Olga Tsoy1*, Zakaria Louadi2, Chit Tong Lio2, Jan Baumbach1, Olga Kalinina3,4, Alexander Gress3,4, Tim Kacprowski5,6, and Markus List2
1University of Hamburg, Notkestrasse 9, Hamburg, Germany
2Technical University of Munich, Maximus-von-Imhof-Forum 3, Freising, Germany
3Helmholtz Centre for Infection Research, Inhoffenstraße 7, Saarbrücken, Germany.
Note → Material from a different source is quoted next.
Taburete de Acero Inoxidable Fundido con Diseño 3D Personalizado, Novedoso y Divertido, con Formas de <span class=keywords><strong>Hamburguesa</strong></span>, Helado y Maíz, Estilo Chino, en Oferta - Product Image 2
4Saarland University, Homburg, Germany
5PLRI of TU Braunschweig and MHH, Rebenring 56, Brunswick, Germany
6BRICS, TU Braunschweig, Rebenring 56, Brunswick, Germany
olga.tsoy [at] uni-hamburg.de
Abstract
Alternative splicing (AS) can impact protein structure and lead to protein-protein interaction (PPI) rewiring. Available PPI networks neglect alternative splicing isoforms: as interactions might happen only between a subset of isoforms, the PPI network contains both false-positive and false-negative interactions. Since it is not feasible to validate all isoform-isoform interactions experimentally, we present a set of tools to investigate AS on a network level: DIGGER to map splicing to the PPI network, as well as NEASE and Spycone to evaluate the functional consequences of network rewiring.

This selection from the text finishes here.